Ebbene, l’interpretazione del giudice non può che rispecchiare questo modo di essere del pensiero: abbandonare coraggiosamente gli scogli sicuri del testo letterale della singola disposizione, calarsi nelle viscere dell’ordinamento − anzi, degli ordinamenti-, scandagliarne le acque in profondità, conoscere il contesto socio-politico che ha portato alla loro introduzione senza condizionamenti, alternando assiduamente storicizzazione e contestualizzazione della norma.
La generazione dei millennials ha incominciato a indossare la toga. Questi giovani magistrati maneggiano bene gli strumenti della tutela dei diritti e della persona anche di fronte all’abuso del legislatore: l’incidente di costituzionalità; la disapplicazione della norma interna per contrasto con il diritto eurounitario. Essi non ignorano il problema dei controlimiti e del bilanciamento tra Europa e Costituzione; conoscono e rispettano la consuetudine e le convenzioni internazionali, e la loro inderogabilità anche da parte dei parlamenti nazionali.

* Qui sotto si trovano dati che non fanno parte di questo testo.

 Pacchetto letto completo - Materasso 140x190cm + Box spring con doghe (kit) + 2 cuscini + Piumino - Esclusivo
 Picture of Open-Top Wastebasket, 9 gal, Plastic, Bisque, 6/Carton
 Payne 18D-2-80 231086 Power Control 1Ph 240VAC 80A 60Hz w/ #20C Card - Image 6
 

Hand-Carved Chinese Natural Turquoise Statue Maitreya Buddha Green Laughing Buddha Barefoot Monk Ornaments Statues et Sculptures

Il pensiero corre, ancora una volta, all’attualità dell’obbligo di salvataggio in mare e del non-refoulement verso Paesi non sicuri in garanzia dei diritti umani.
Occorre, però, evitare che, come avvenne ai tempi dell’involuzione ordinamentale della magistratura fascista (e non solo allora), opportunismo, semplice voglia di evitare grane, attenzione eccessiva alla carriera − sollecitata da una riforma dell’ordinamento giudiziario che, per alcuni versi, indulge troppo sulla distinzione tra funzioni di primo grado e tutte le altre, diverse, ma non “superiori” − rispolverino abitudini deteriori del passato; abitudini delle quali la magistratura e, con essa, i cittadini si sono faticosamente liberati: penso a un approccio burocratico al lavoro o ai tentativi di aggirare la complessità dei giudizi, assecondando istinti di autopromozione o autoconservazione.

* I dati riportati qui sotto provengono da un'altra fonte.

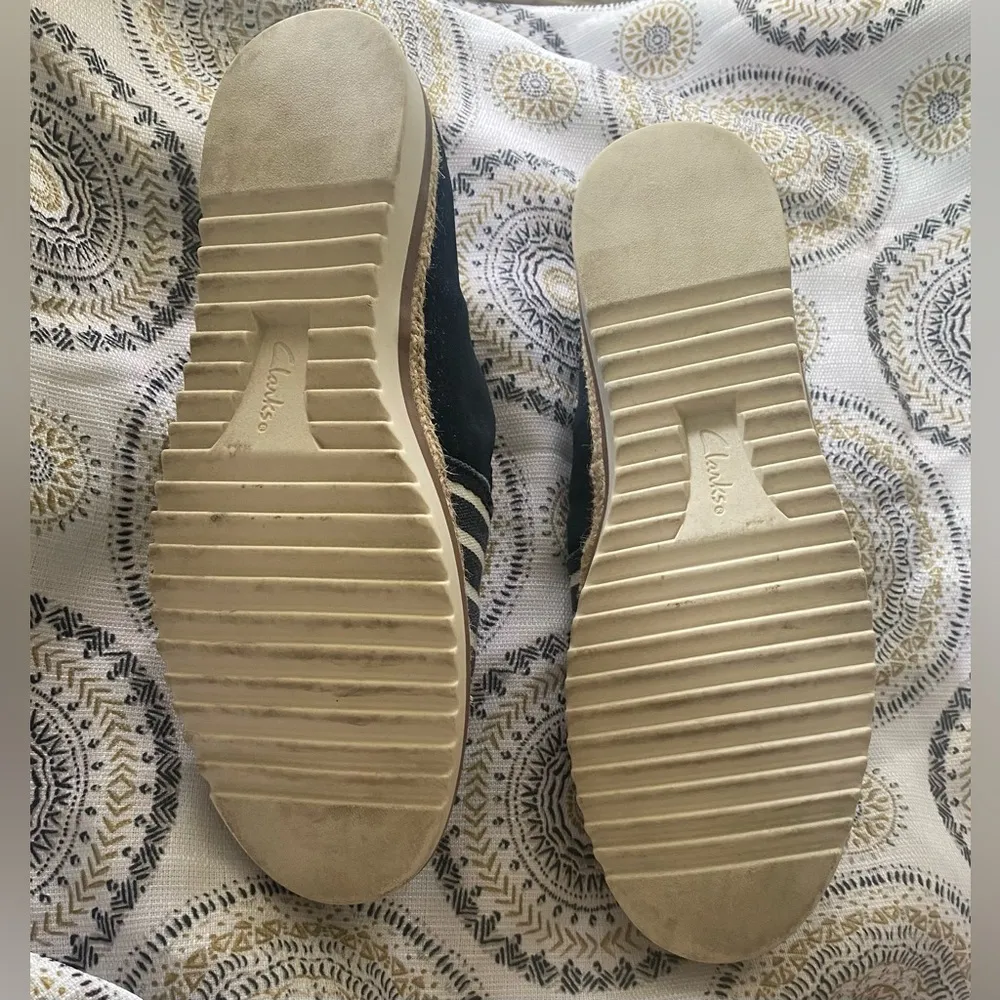 Clarks Collection Serena Paige Slip On Espadrille Suede Nautical Shoes Sz 9 - Image 15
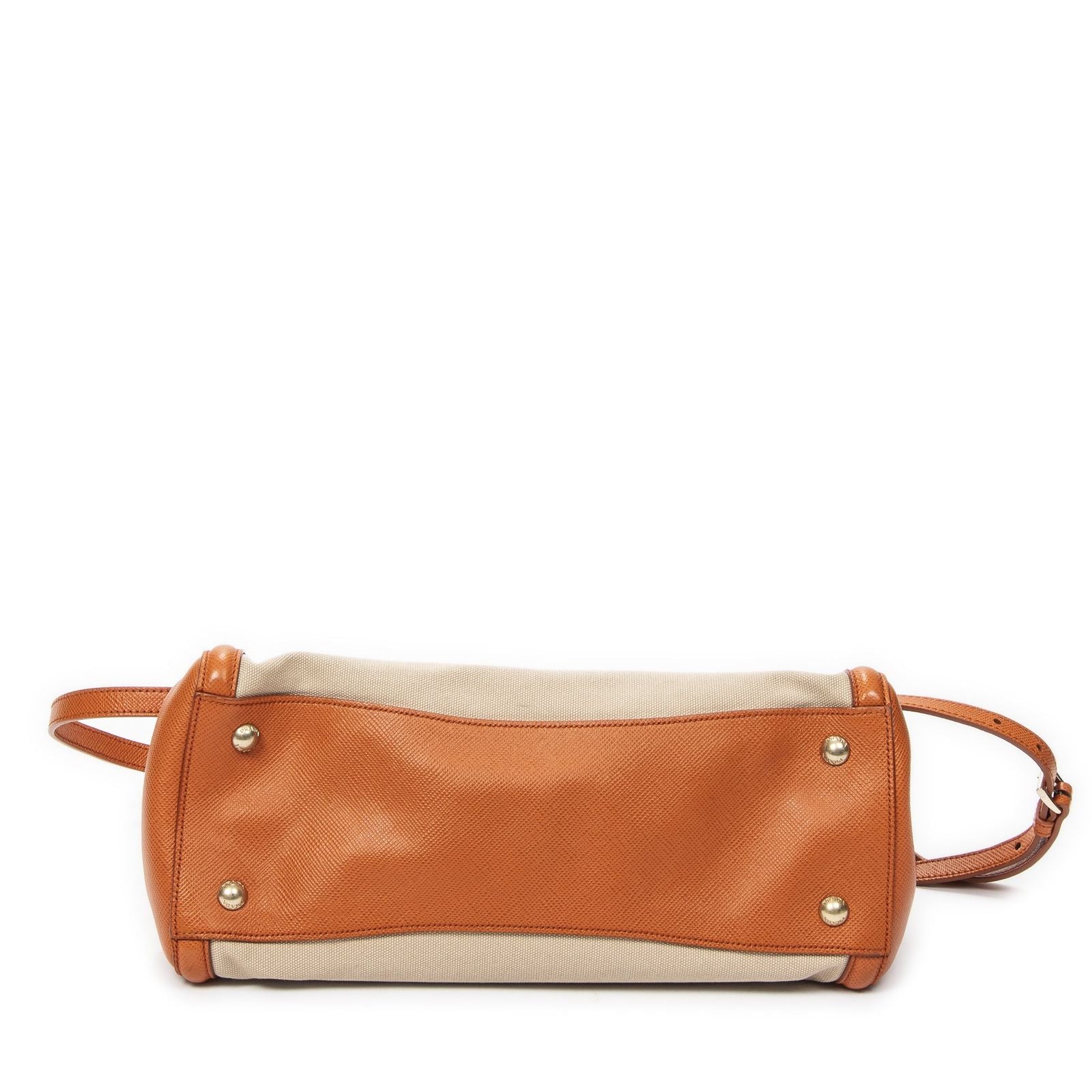 Prada Medium Top Handle Tote Orange Beige Woven Canvas — view 6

Una considerazione finale: la memoria di ciò che costituisce il collante essenziale di una comunità è irrinunciabile. Per questa ragione, gli Stati europei hanno preso la sofferta decisione di considerare come reato il negazionismo della Shoah e di altri genocidi, prestando il fianco alle critiche costantemente mosse ai reati di mera opinione e venendo tacciati di imporre una “verità di Stato”.
L’annunciata prosecuzione di questa ricerca su Razza e inGiustizia non può non passare per il ripristino della memoria dei magistrati eroi (Mario Fioretti, Pasquale Colagrande, Mario Finzi, Mauro Del Giudice e gli altri ricordati nel volume) che, come i Giusti, hanno salvato l’onore e la dignità di una magistratura in gran parte silente rispetto alla deriva autoritaria del fascismo.
[*] È l'intervento tenuto al plenum del Csm il 13 settembre 2018 dall'autore in occasione della presentazione del volume di A. Meniconi - M. Pezzetti (a cura di), Razza e inGiustizia. Gli avvocati e i magistrati al tempo delle leggi antiebraiche, pubblicazione promossa da Cnf, Csm, Senato della Repubblica e Ucei.
[1] Presentato il 22 marzo 2002, il documento porta il nome di Jean-François Bergier, presidente della Commissione indipendente di esperti Svizzera-Seconda guerra mondiale istituita nel 1996. Il frutto dell’attività svolta dalla Commissione (tra il 1997 e il 2002) ha offerto alla storiografia nuovi materiali e prospettive di ricerca.
[2] Mi riferisco, rispettivamente, all’ultimo discorso tenuto dal Presidente Mattarella nel Giorno della Memoria (27 gennaio 2018) e al saggio introduttivo di Liliana Segre Le leggi e la vita, contenuto in Razza e inGiustizia (pp. 25-30).
[3] Vds. in allegato: Il diritto razzista, Anno I, n. 1-2, 1939.
[4] S. Borghese, Razzismo e diritto civile, in Monitore dei tribunali 80 (1939), serie III, vol. 16, pp. 353-357, in particolare p. 353.
[5] M. Del Giudice, Cronistoria del processo Matteotti, Lo Monaco, Palermo, 1954. Per un ritratto a tutto tondo del giurista e dell’uomo, si veda T. M. Rauzino, Un Magistrato scomodo nel processo Matteotti, in G. Cassieri (a cura di), Figure egemoni del Novecento, Schena, Fasano, 2006, pp. 7-44.